あ~なるほど、確かに今日はお金を稼ぐにはもってこいだしな。是非とも頑張って稼いでくれたまえ。
さて、俺達も並ぶとしますかね。
「トルネラさん、こんにちは。」
「・・・・」
トルネラさんが俺を見た瞬間、瞳のハイライトが消え、表情が消え失せた。
「あ、あの、どうしたんですか?」
「お前ら、一応確認するが、今日は何処まで潜って来たんだ?」
「地下11階です。あ、でも11階は確認するだけで直ぐに戻りましたよ。後は前回売りに来れなかった分も合わせて売ろうかと。」
「よし、お前ら帰れ!」
「えぇ!? ちょ、ちょっと、どうしてそんなこと言うんですか?」
「周りを見れば分かるだろ? お願いだから、今日だけは帰ってくれ!」
「あ、はい。」
確かに今日はいつもより買取カウンターの列が凄かった。そこに大量のドロップアイテムを持ち込んだら……うん。俺でも嫌だな。
「わかりました。また後日に来ます。」
「そうしてくれ。」
仕方が無いので、買取カウンターを後にすることにした。
「まぁ、今日のところは仕方が無いね~」
「じゃな。」
「まぁ、お金に余裕が有るし、後日換金しような。帰るぞ~」
「「「「「は~い(なのじゃ)。」」」」」
俺達は冒険者ギルドを後にして宿に帰ることにした。
・・・・
帰る途中で思い出す。今日の戦闘で迷惑をかけてしまった皆へのお詫びをどうしよう……
プレゼントか? それとも何か料理を作った方が良いのか? とりあえず皆が喜ぶ何かをしてあげたいとおもう。
「う~ん。」
「ハルさん、どうしたのですか?」
「あ、いや、皆へのお詫びをどうしようかなと思ってさ。」
「ハルよ、それは自分で考えるべきじゃぞ。」
「うんうん。だよね~」
「わ、私は、ハルさんからでしたら何でも良いですよ。」
「シャルは…むぐっ!」
「シャル、駄目よ?」
シャルが何かを言いかけたのだが、ティアさんに止められてしまった。せっかくのお詫びを知るチャンスだったのに残念だ。
「う~ん。」
「まぁ、じっくりと悩むんじゃな。」
「ハル君、頑張ってね~」
「む、無理しなくても良いですからね?」
「おう。」
その内何かを思いつくことを願うことにした。
宿屋に帰って来た俺達は、着替えてから夕食を取りに食堂へとやってきた。
「それじゃ、夕食を作りに……」
「あ、ナタリーとティア、今日は疲れただろうし夕食は作らなくても良いよ。
ケリー、夕食を人数分頼むな。」
「あ、はい。分かりました。」
「ついでにエールも頼むのじゃ。」
「あ、私も~」
「じゃあ俺も頼もうかな。ナタリーとティアはどうする?」
「では、私も頂きますね。」
「御一緒させていただきます。」
「シャルも!」
「シャルはジュースね。」
「は~い。」
シャルがお酒に興味を持ったのか? 流石に子供のお酒を飲ませる訳には行かないから却下するけどね。

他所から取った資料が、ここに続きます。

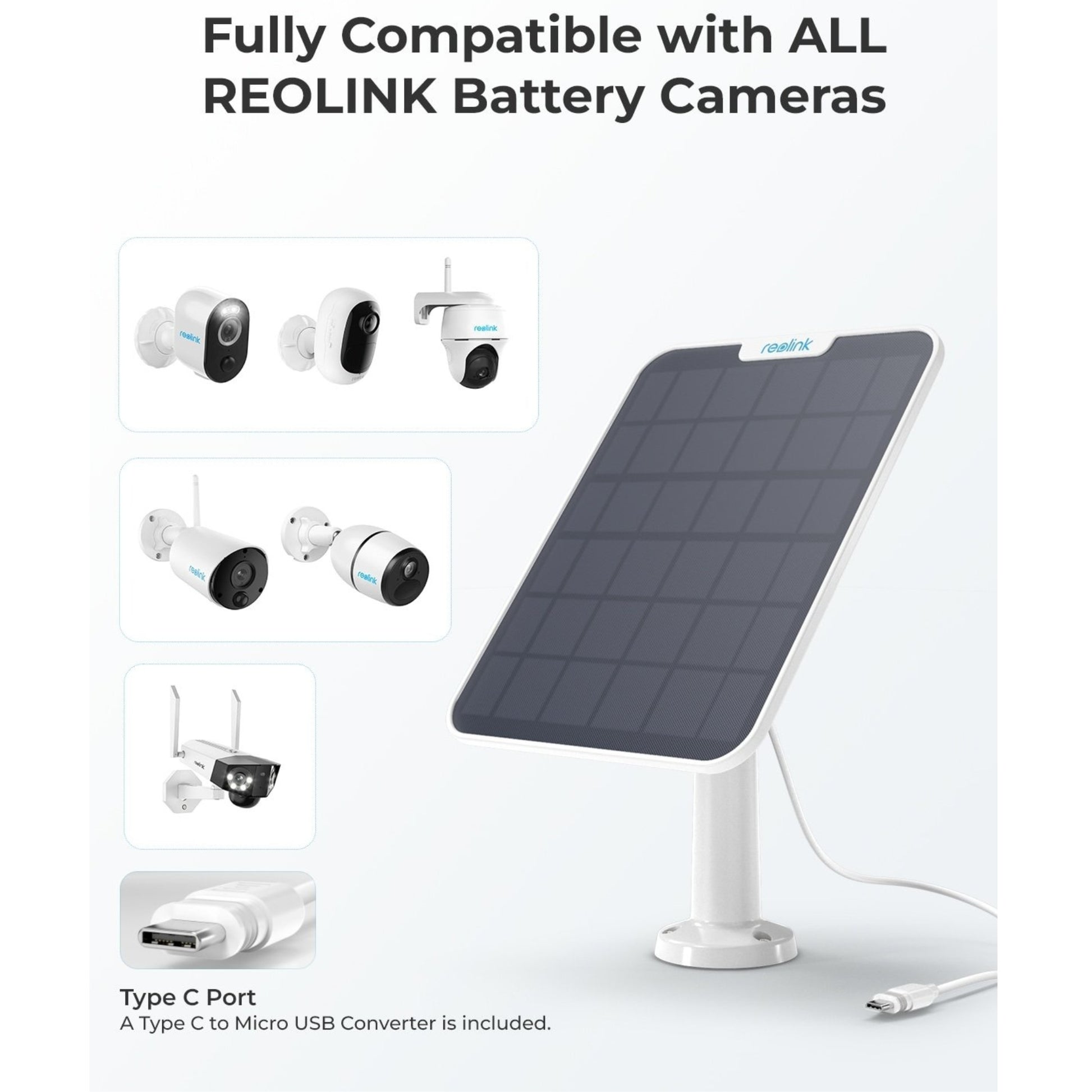 פאנל סולארי למצלמות Reolink Solar Panel 2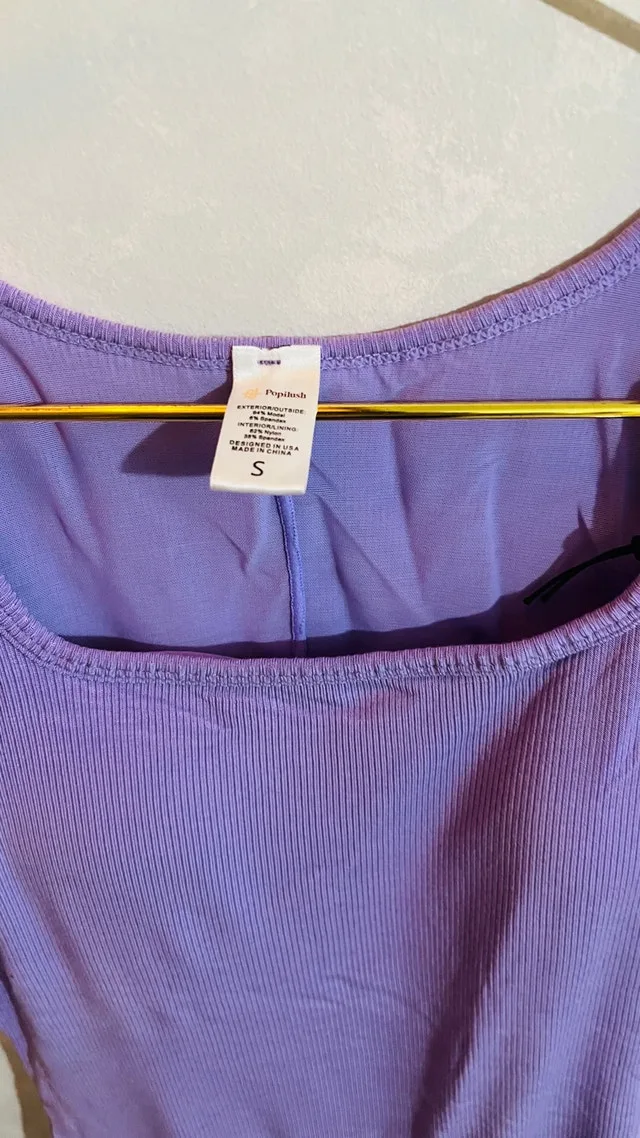 Popilush Tank Mini Dress Lilac With Slit-Size S image indicator(2)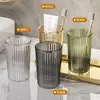 Vaso para Enjuague Bucal Doméstico de Alta Transparencia, Vaso Transparente de Plástico para Cepillo de Dientes, Vaso de Lavado de Alto Valor para Parejas, Vaso para Cepillo de Dientes para Niños y Estudiantes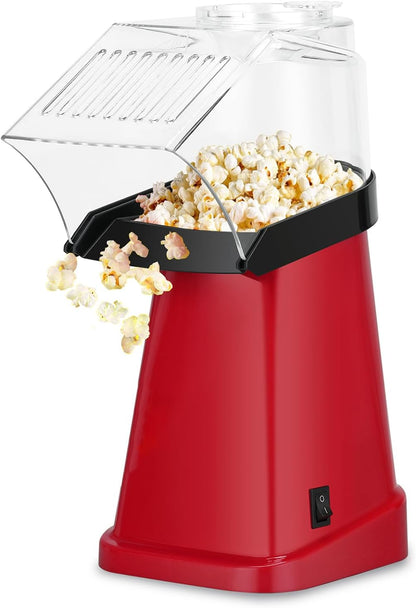 Skiennix Hot Air Popcorn Popper - Fast 1200W Machine with Bowl, Measuring Cup & Butter Tray | Perfect for Parties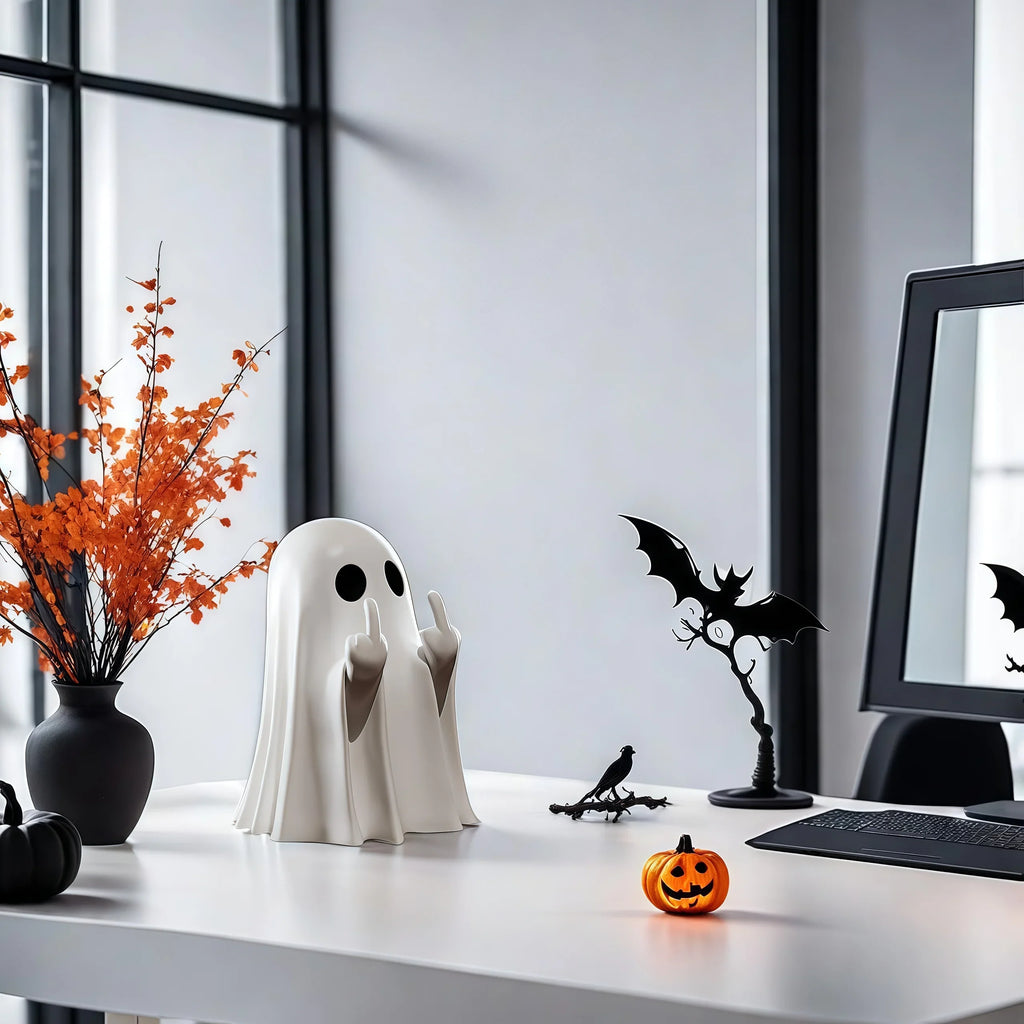 Halloween Cheeky Ghost Figurine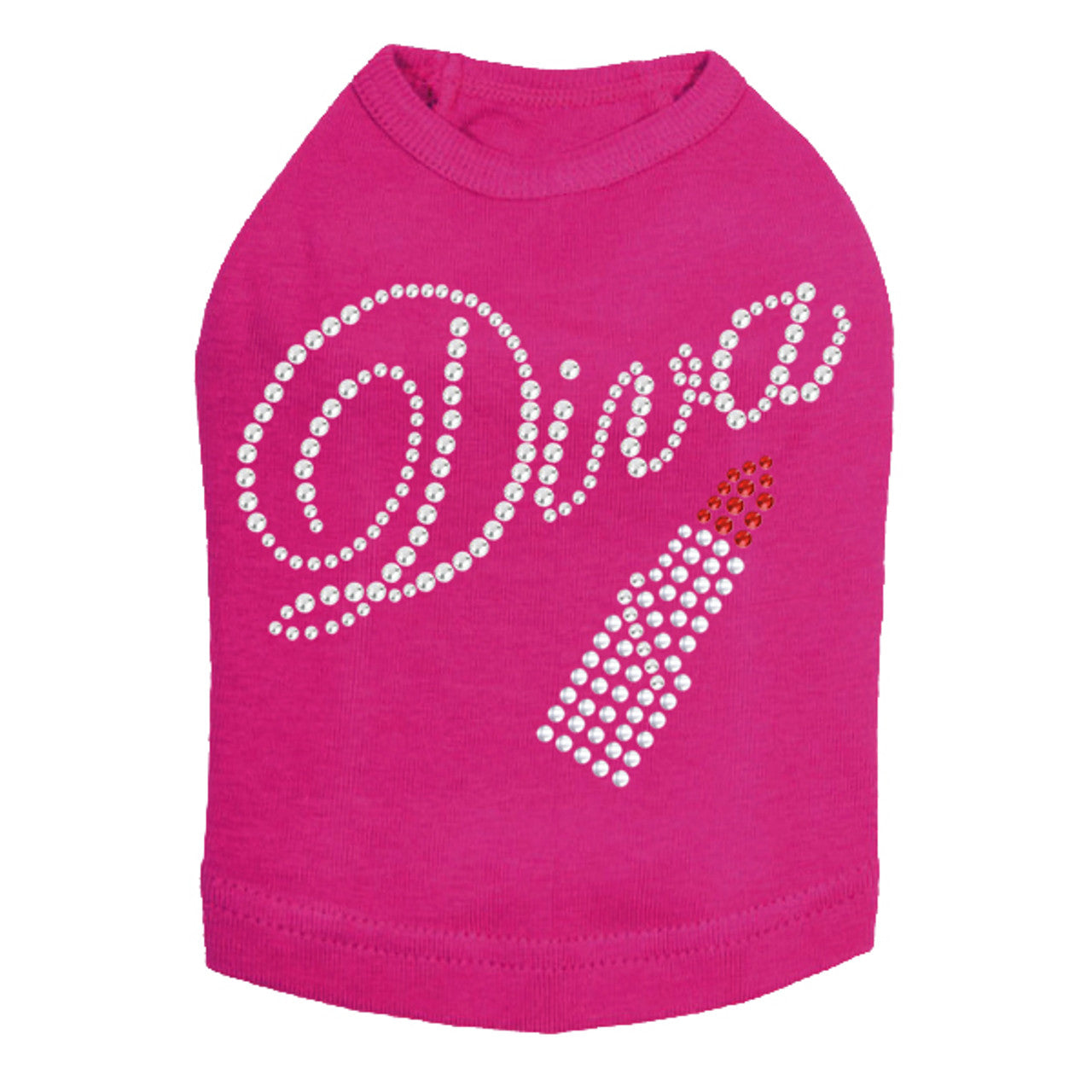 Diva with Red Lipstick - Dog Tank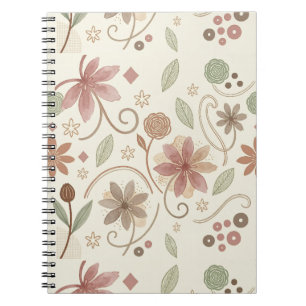 Caderno Espiral Boho Floral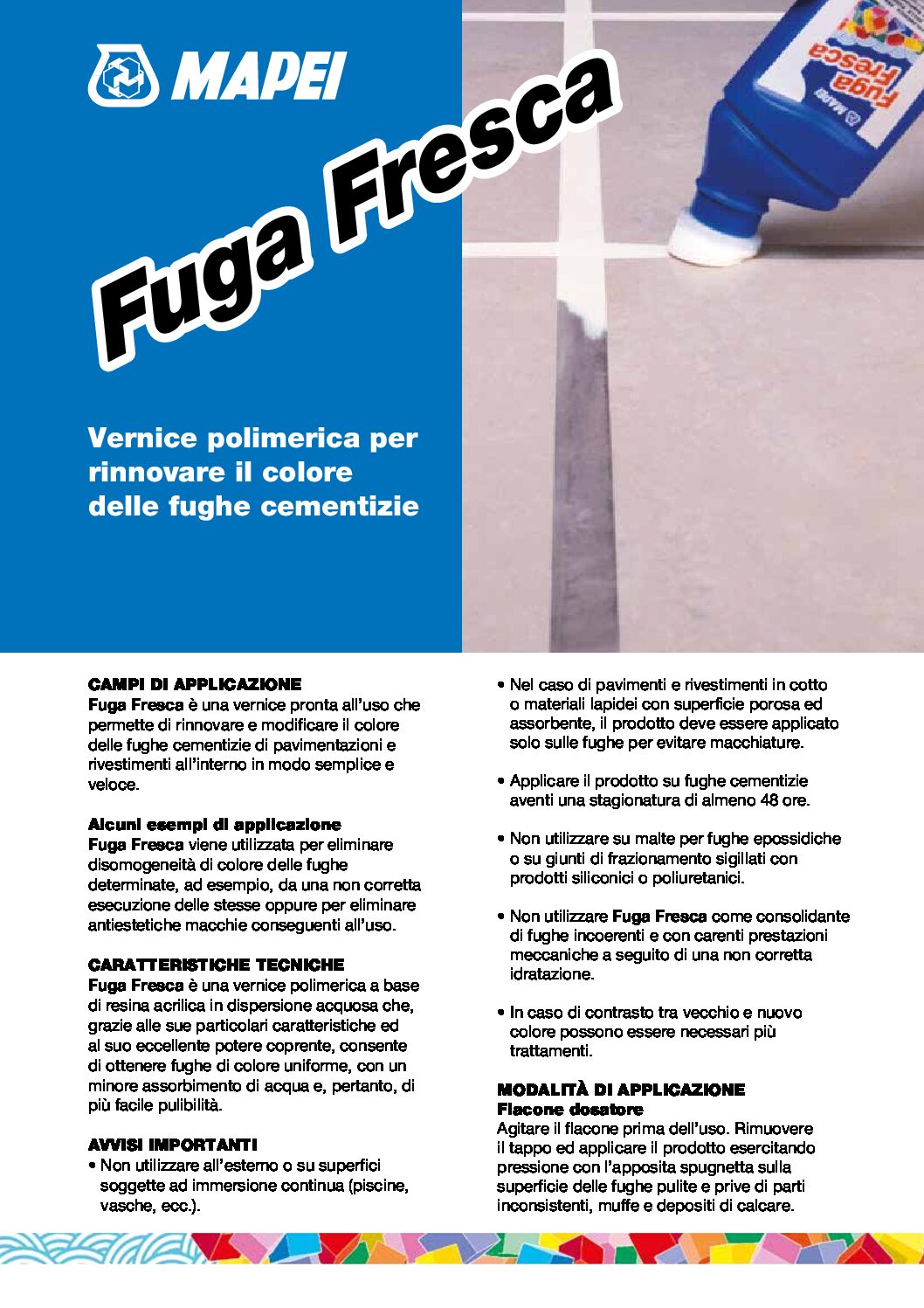 FUGA FRESCA KG.1 MAPEI 100 BIANCO PER RINNOVARE IL COLORE DELLE FUGHE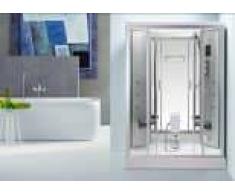 items-france DUO HAMMAM - Cabine de douche hydromassante hammam 2 personnes 140x...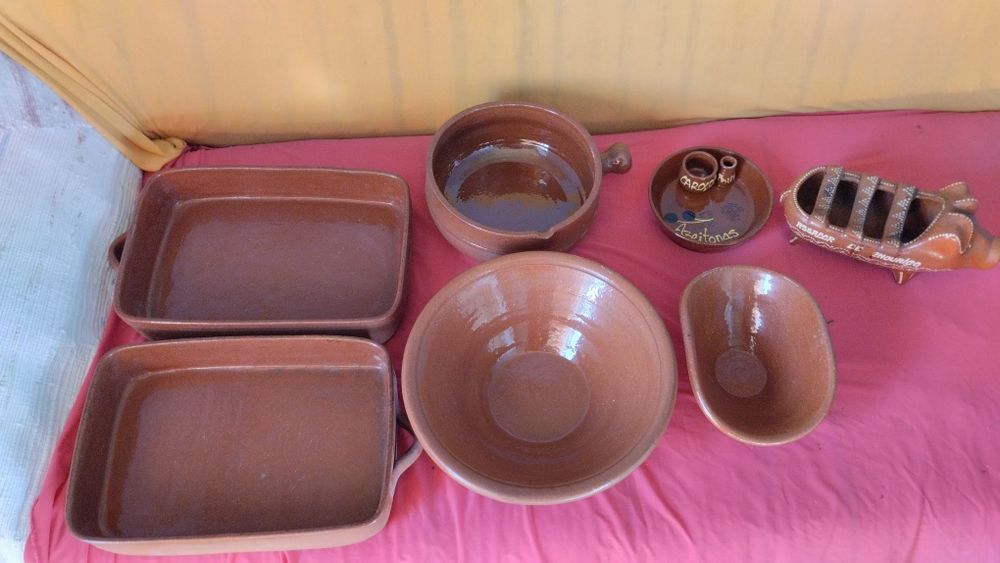 Louça de barro para cozinha regional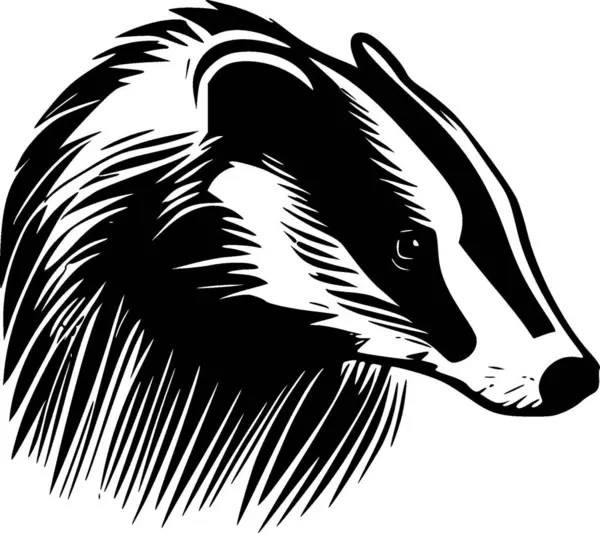 Badger Logo Vettoriale Alta Qualità Illustrazione Vettoriale Ideale Grafica Shirt — Vettoriale Stock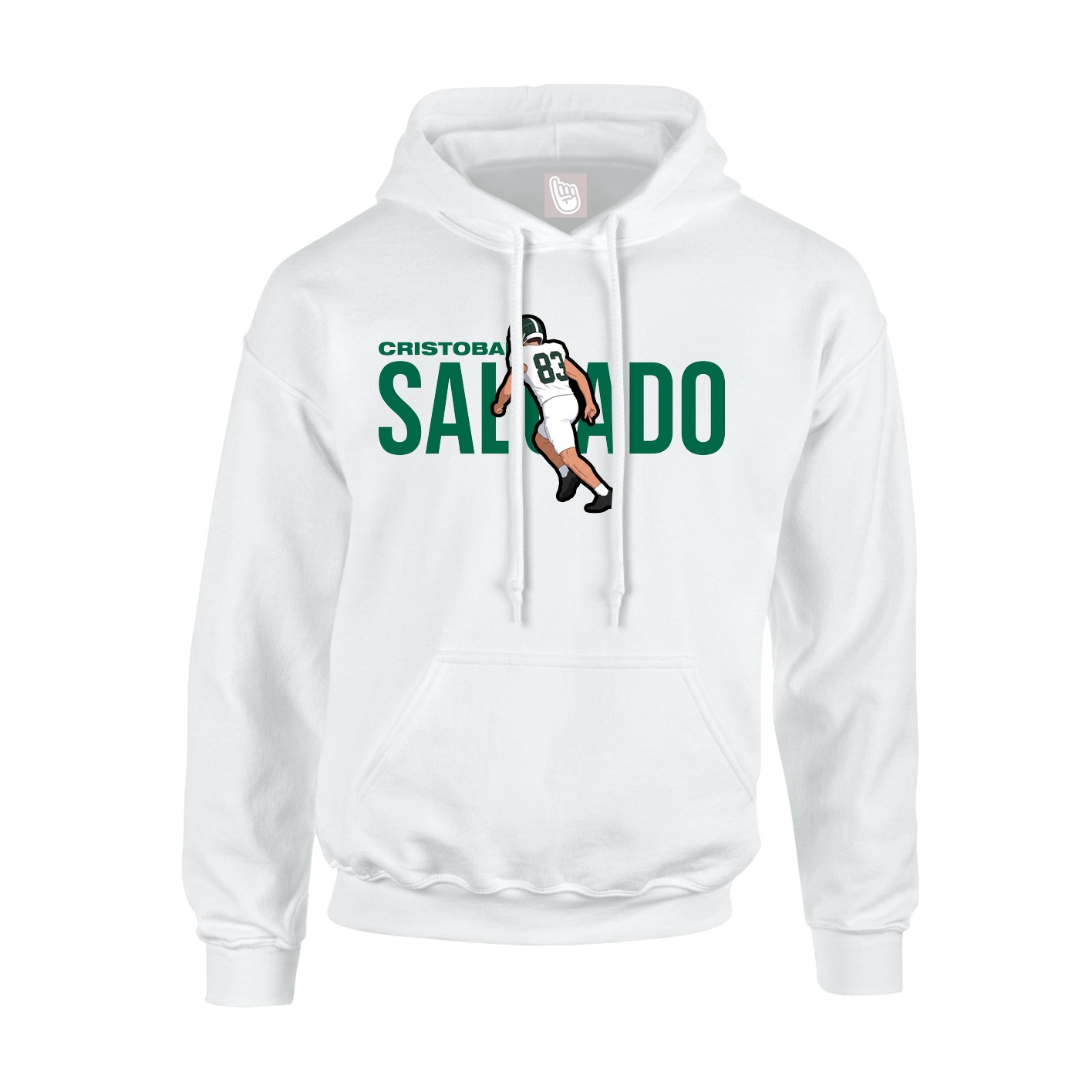 Hoodie — Player Name in White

皆が席について少しすると、先にエールが運ばれてきた。
「お待たせしました。エールとジュースです。」
ケリーが飲み物を運んできたので皆へと配る。
「待ってたのじゃ。」
「ハル君、いつものお願い~」
「はいはい。」
俺は全員分の飲み物をフリージングで冷やすのだった。
「さて、ゴブリンデーご苦労さまでした。それでは乾杯~!」
「「「「「乾杯~(なのじゃ)!」」」」」
ごきゅ、ごきゅ、ごきゅ……ぷはぁ~!! 仕事の後の一杯は最高だぜ!
ひと息入れたところで、今日のことを振り返ってみて、ある疑問を持った。
「ナタリー、ちょっと聞きたいんだけど、ビアンカがちらっと言ってた武器を持つオーガってやっぱり居るのかな?」
「えっと、確かに武器を持っているオーガの話は聞いたことがありますね。」
「何でそう思ったんじゃ?」
「いや、今日のオーガもそうだけど、オーガロードも素手だったじゃん。もしかしてオーガって素手が基本なのかなって思ったんだよ。」
「たぶんだけど、力任せに叩きつけるから、武器を手に入れたとしても直ぐに武器が壊れるからじゃないのかな~」
「ふむ、案外的を得ているかもしれんの。」
言われてみれば、力任せに振り回していたな。アレだと普通の武器だと、直ぐに壊れてしまってもおかしくないな。御実際あの時に使った短槍を1本駄目にしてしまったし……納得だ。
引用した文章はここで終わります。